ABD Başkan Yardımcısı Joe Biden’ın Türkiye ziyaretinden geriye kalan pek çok başlık var. Joe Biden, gerek Cumhurbaşkanı Tayyip Erdoğan’la, gerekse de Başbakan Ahmet Davutoğlu ile yaptığı görüşmelerde sadece Ankara’yı değil, tüm bölgeyi doğrudan ilgilendiren kritik konularda Amerikan tarafının görüşlerini ortaya koydu.
Önce görüşmelerin genel çerçevesi. Cumhurbaşkanı Erdoğan, G20 Zirvesi’nde ifade ettiği çerçeveyi bir kez daha iletti Amerikalı muhatabına. Türkiye’nin DAEŞ, PKK, El Kaide, DHKP-C gibi terör örgütleri arasında hiçbir ayrım yapmadığının ve PYD ve YPG’yi de terör örgütü olarak gördüğünün altı çizildi.
Ayrıca Türkiye’nin DAEŞ’le mücadele konusunda uluslararası koalisyona verdiği destek hatırlatıldı Biden’a. Irak’ta yaşanan istikrarsızlığın gerek DAEŞ, gerekse PKK için zemin oluşturduğu ifade edildi.
Aynı çerçeve Başbakan Ahmet Davutoğlu tarafından da ortaya konuldu: ‘Teröre karşı ortak tavır alma konusunda aynı yaklaşımı benimsediğimizi bir kez daha teyit ettik. DEAŞ, PKK, DHKP-C, Nusra gibi terör örgütleri arasında bir fark görmedik. ABD ile bütün bu terör örgütlerine karşı birlikte davranma konusunda hassasiyetimiz var. Bugün de haritalar üzerinde tek tek bütün kritik bölgeleri ele aldık. Türkiye olarak ulusal güvenlik kaygılarımızı Sayın Biden’a açık ve net bir şekilde ifade ettim.’ Başbakan görüşmede YPG’nin PKK’nın bir parçası olduğunu ve ondan açıkça destek aldığını da belirtti.
Joe Biden’ın, Türkiye’deki bazı gelişmeler üzerinden sembolik anlamlar yükleyip gerçekleştirdiği temaslar, verdiği mesajlar kuşkusuz Ankara’da rahatsızlık uyandırdı. Ancak Amerikan yönetimi de, Türkiye de bu tür mesajları, bölgede olup bitenler üzerinden bakıldığında fazlaca gündemde tutacak gibi değil.
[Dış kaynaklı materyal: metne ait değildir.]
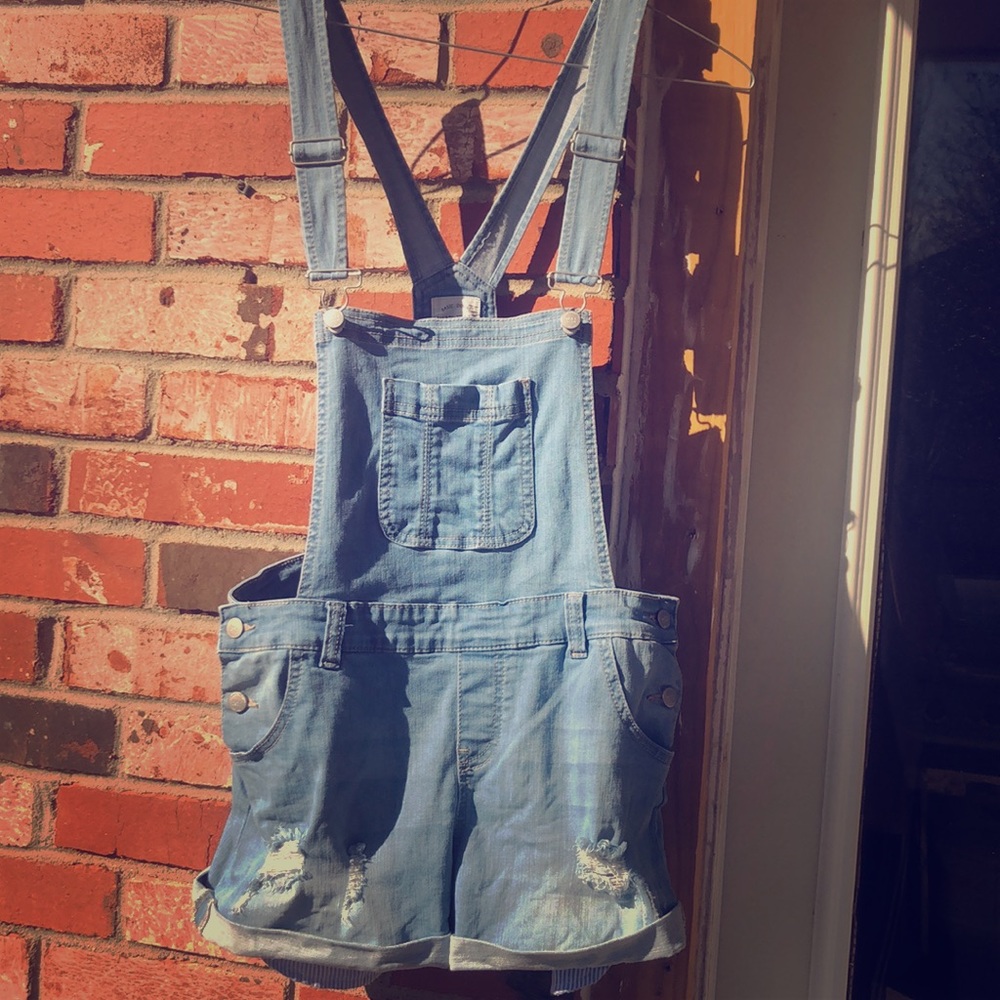 Blue jean overall’s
Fakat tarafların üzerinde mutabık kalamadığı, daha doğrusu Biden’ın ısrarla suskun kalarak mesaj verdiği PYD konusu, bunlardan çok daha farklı bir anlam taşıyor. Ankara, DAEŞ’le mücadele etmenin tek başına meşruiyet kaynağı olamayacağını, ayrıca PYD’nin Suriye rejimini desteklediğini hemen her zeminde ifade ediyor zaten. Başbakan Davutoğlu da, PYD’nin muhatap alınmayacağını geçtiğimiz hafta net biçimde ortaya koymuştu.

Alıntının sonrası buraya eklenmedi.